WORK ORDER >> Retype the records that come next, word for word.

SUPPLIED MATERIAL >>
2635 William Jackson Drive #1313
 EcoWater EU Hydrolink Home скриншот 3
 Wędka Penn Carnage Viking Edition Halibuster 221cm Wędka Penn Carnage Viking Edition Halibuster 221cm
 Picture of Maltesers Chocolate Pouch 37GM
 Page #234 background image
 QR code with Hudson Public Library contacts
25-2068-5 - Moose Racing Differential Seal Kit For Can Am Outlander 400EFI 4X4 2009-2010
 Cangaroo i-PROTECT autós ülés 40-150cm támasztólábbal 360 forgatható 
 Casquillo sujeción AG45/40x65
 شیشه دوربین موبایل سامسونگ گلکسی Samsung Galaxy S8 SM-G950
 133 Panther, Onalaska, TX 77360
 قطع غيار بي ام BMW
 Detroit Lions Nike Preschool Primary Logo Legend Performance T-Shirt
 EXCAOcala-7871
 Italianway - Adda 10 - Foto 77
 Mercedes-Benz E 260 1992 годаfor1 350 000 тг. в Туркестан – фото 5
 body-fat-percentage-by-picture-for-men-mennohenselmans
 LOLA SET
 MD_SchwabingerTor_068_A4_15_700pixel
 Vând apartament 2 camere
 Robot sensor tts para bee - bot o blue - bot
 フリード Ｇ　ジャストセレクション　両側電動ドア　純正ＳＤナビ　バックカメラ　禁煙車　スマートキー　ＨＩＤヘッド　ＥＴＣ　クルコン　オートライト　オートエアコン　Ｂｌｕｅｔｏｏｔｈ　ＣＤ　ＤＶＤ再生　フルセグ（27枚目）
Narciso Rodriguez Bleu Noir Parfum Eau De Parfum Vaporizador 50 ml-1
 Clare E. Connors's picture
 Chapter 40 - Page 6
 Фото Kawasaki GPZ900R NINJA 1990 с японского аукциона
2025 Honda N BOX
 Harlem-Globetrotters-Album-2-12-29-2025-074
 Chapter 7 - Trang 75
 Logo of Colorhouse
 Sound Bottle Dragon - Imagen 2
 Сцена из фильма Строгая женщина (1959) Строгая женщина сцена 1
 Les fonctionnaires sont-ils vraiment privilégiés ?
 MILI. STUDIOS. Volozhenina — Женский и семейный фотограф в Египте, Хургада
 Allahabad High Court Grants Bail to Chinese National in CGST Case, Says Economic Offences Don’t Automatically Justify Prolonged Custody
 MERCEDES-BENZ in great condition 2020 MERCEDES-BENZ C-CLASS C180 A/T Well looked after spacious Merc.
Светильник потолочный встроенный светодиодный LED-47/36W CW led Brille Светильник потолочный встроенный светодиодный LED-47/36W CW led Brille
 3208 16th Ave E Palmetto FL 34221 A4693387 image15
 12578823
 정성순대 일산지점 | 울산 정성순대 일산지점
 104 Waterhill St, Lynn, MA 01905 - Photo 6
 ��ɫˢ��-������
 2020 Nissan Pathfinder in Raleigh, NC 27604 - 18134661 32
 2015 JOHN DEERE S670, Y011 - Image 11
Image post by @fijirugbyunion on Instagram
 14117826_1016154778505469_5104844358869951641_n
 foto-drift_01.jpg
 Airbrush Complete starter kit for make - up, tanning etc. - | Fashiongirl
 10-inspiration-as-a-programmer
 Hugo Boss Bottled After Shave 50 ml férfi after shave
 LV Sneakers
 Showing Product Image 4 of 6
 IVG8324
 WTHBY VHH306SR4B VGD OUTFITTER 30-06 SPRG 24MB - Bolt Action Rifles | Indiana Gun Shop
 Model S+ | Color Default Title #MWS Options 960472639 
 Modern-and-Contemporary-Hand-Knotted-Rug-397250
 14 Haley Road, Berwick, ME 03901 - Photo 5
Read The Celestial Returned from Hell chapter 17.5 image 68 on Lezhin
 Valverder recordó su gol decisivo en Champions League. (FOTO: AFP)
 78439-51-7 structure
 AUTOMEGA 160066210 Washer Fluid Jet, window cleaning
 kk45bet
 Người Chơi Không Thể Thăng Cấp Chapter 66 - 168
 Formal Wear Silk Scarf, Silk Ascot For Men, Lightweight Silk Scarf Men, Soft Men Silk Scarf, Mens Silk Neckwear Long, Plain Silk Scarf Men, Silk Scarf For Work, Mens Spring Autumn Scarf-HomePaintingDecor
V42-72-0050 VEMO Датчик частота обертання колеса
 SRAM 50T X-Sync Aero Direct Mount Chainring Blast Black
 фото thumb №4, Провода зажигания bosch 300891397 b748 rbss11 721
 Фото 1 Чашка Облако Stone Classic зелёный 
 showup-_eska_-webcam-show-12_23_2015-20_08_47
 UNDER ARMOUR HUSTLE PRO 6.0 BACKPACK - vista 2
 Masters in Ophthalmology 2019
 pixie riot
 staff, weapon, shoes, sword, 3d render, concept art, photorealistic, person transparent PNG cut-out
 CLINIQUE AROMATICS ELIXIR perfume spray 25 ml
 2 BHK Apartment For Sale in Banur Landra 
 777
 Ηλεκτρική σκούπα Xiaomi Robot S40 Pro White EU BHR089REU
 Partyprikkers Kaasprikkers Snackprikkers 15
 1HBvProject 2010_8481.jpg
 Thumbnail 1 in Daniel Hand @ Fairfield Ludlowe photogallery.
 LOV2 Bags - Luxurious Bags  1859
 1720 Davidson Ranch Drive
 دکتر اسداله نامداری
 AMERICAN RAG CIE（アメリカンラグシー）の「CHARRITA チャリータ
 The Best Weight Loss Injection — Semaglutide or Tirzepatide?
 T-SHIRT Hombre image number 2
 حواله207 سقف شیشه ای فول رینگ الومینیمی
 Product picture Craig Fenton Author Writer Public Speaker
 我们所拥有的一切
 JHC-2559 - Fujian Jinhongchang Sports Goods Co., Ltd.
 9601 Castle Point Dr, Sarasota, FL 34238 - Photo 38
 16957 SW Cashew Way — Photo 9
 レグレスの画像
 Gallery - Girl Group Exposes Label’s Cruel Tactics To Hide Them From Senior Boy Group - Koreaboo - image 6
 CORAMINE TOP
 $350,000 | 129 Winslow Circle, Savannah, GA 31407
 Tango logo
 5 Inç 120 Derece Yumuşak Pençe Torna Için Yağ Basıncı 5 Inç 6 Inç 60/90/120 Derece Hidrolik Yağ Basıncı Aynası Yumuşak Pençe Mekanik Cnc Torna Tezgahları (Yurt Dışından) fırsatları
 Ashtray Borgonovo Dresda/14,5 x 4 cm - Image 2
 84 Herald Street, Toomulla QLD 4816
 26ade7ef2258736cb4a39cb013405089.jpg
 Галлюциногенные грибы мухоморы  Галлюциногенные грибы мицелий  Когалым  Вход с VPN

SOLUTION FOR THIS EXERCISE >>
2635 William Jackson Drive #1313
 EcoWater EU Hydrolink Home скриншот 3
 Wędka Penn Carnage Viking Edition Halibuster 221cm Wędka Penn Carnage Viking Edition Halibuster 221cm
 Picture of Maltesers Chocolate Pouch 37GM
 Page #234 background image
 QR code with Hudson Public Library contacts
25-2068-5 - Moose Racing Differential Seal Kit For Can Am Outlander 400EFI 4X4 2009-2010
 Cangaroo i-PROTECT autós ülés 40-150cm támasztólábbal 360 forgatható 
 Casquillo sujeción AG45/40x65
 شیشه دوربین موبایل سامسونگ گلکسی Samsung Galaxy S8 SM-G950
 133 Panther, Onalaska, TX 77360
 قطع غيار بي ام BMW
 Detroit Lions Nike Preschool Primary Logo Legend Performance T-Shirt
 EXCAOcala-7871
 Italianway - Adda 10 - Foto 77
 Mercedes-Benz E 260 1992 годаfor1 350 000 тг. в Туркестан – фото 5
 body-fat-percentage-by-picture-for-men-mennohenselmans
 LOLA SET
 MD_SchwabingerTor_068_A4_15_700pixel
 Vând apartament 2 camere
 Robot sensor tts para bee - bot o blue - bot
 フリード Ｇ　ジャストセレクション　両側電動ドア　純正ＳＤナビ　バックカメラ　禁煙車　スマートキー　ＨＩＤヘッド　ＥＴＣ　クルコン　オートライト　オートエアコン　Ｂｌｕｅｔｏｏｔｈ　ＣＤ　ＤＶＤ再生　フルセグ（27枚目）
Narciso Rodriguez Bleu Noir Parfum Eau De Parfum Vaporizador 50 ml-1
 Clare E. Connors's picture
 Chapter 40 - Page 6
 Фото Kawasaki GPZ900R NINJA 1990 с японского аукциона
2025 Honda N BOX
 Harlem-Globetrotters-Album-2-12-29-2025-074
 Chapter 7 - Trang 75
 Logo of Colorhouse
 Sound Bottle Dragon - Imagen 2
 Сцена из фильма Строгая женщина (1959) Строгая женщина сцена 1
 Les fonctionnaires sont-ils vraiment privilégiés ?
 MILI. STUDIOS. Volozhenina — Женский и семейный фотограф в Египте, Хургада
 Allahabad High Court Grants Bail to Chinese National in CGST Case, Says Economic Offences Don’t Automatically Justify Prolonged Custody
 MERCEDES-BENZ in great condition 2020 MERCEDES-BENZ C-CLASS C180 A/T Well looked after spacious Merc.
Светильник потолочный встроенный светодиодный LED-47/36W CW led Brille Светильник потолочный встроенный светодиодный LED-47/36W CW led Brille
 3208 16th Ave E Palmetto FL 34221 A4693387 image15
 12578823
 정성순대 일산지점 | 울산 정성순대 일산지점
 104 Waterhill St, Lynn, MA 01905 - Photo 6
 ��ɫˢ��-������
 2020 Nissan Pathfinder in Raleigh, NC 27604 - 18134661 32
 2015 JOHN DEERE S670, Y011 - Image 11
Image post by @fijirugbyunion on Instagram
 14117826_1016154778505469_5104844358869951641_n
 foto-drift_01.jpg
 Airbrush Complete starter kit for make - up, tanning etc. - | Fashiongirl
 10-inspiration-as-a-programmer
 Hugo Boss Bottled After Shave 50 ml férfi after shave
 LV Sneakers
 Showing Product Image 4 of 6
 IVG8324
 WTHBY VHH306SR4B VGD OUTFITTER 30-06 SPRG 24MB - Bolt Action Rifles | Indiana Gun Shop
 Model S+ | Color Default Title #MWS Options 960472639 
 Modern-and-Contemporary-Hand-Knotted-Rug-397250
 14 Haley Road, Berwick, ME 03901 - Photo 5
Read The Celestial Returned from Hell chapter 17.5 image 68 on Lezhin
 Valverder recordó su gol decisivo en Champions League. (FOTO: AFP)
 78439-51-7 structure
 AUTOMEGA 160066210 Washer Fluid Jet, window cleaning
 kk45bet
 Người Chơi Không Thể Thăng Cấp Chapter 66 - 168
 Formal Wear Silk Scarf, Silk Ascot For Men, Lightweight Silk Scarf Men, Soft Men Silk Scarf, Mens Silk Neckwear Long, Plain Silk Scarf Men, Silk Scarf For Work, Mens Spring Autumn Scarf-HomePaintingDecor
V42-72-0050 VEMO Датчик частота обертання колеса
 SRAM 50T X-Sync Aero Direct Mount Chainring Blast Black
 фото thumb №4, Провода зажигания bosch 300891397 b748 rbss11 721
 Фото 1 Чашка Облако Stone Classic зелёный 
 showup-_eska_-webcam-show-12_23_2015-20_08_47
 UNDER ARMOUR HUSTLE PRO 6.0 BACKPACK - vista 2
 Masters in Ophthalmology 2019
 pixie riot
 staff, weapon, shoes, sword, 3d render, concept art, photorealistic, person transparent PNG cut-out
 CLINIQUE AROMATICS ELIXIR perfume spray 25 ml
 2 BHK Apartment For Sale in Banur Landra 
 777
 Ηλεκτρική σκούπα Xiaomi Robot S40 Pro White EU BHR089REU
 Partyprikkers Kaasprikkers Snackprikkers 15
 1HBvProject 2010_8481.jpg
 Thumbnail 1 in Daniel Hand @ Fairfield Ludlowe photogallery.
 LOV2 Bags - Luxurious Bags  1859
 1720 Davidson Ranch Drive
 دکتر اسداله نامداری
 AMERICAN RAG CIE（アメリカンラグシー）の「CHARRITA チャリータ
 The Best Weight Loss Injection — Semaglutide or Tirzepatide?
 T-SHIRT Hombre image number 2
 حواله207 سقف شیشه ای فول رینگ الومینیمی
 Product picture Craig Fenton Author Writer Public Speaker
 我们所拥有的一切
 JHC-2559 - Fujian Jinhongchang Sports Goods Co., Ltd.
 9601 Castle Point Dr, Sarasota, FL 34238 - Photo 38
 16957 SW Cashew Way — Photo 9
 レグレスの画像
 Gallery - Girl Group Exposes Label’s Cruel Tactics To Hide Them From Senior Boy Group - Koreaboo - image 6
 CORAMINE TOP
 $350,000 | 129 Winslow Circle, Savannah, GA 31407
 Tango logo
 5 Inç 120 Derece Yumuşak Pençe Torna Için Yağ Basıncı 5 Inç 6 Inç 60/90/120 Derece Hidrolik Yağ Basıncı Aynası Yumuşak Pençe Mekanik Cnc Torna Tezgahları (Yurt Dışından) fırsatları
 Ashtray Borgonovo Dresda/14,5 x 4 cm - Image 2
 84 Herald Street, Toomulla QLD 4816
 26ade7ef2258736cb4a39cb013405089.jpg
 Галлюциногенные грибы мухоморы  Галлюциногенные грибы мицелий  Когалым  Вход с VPN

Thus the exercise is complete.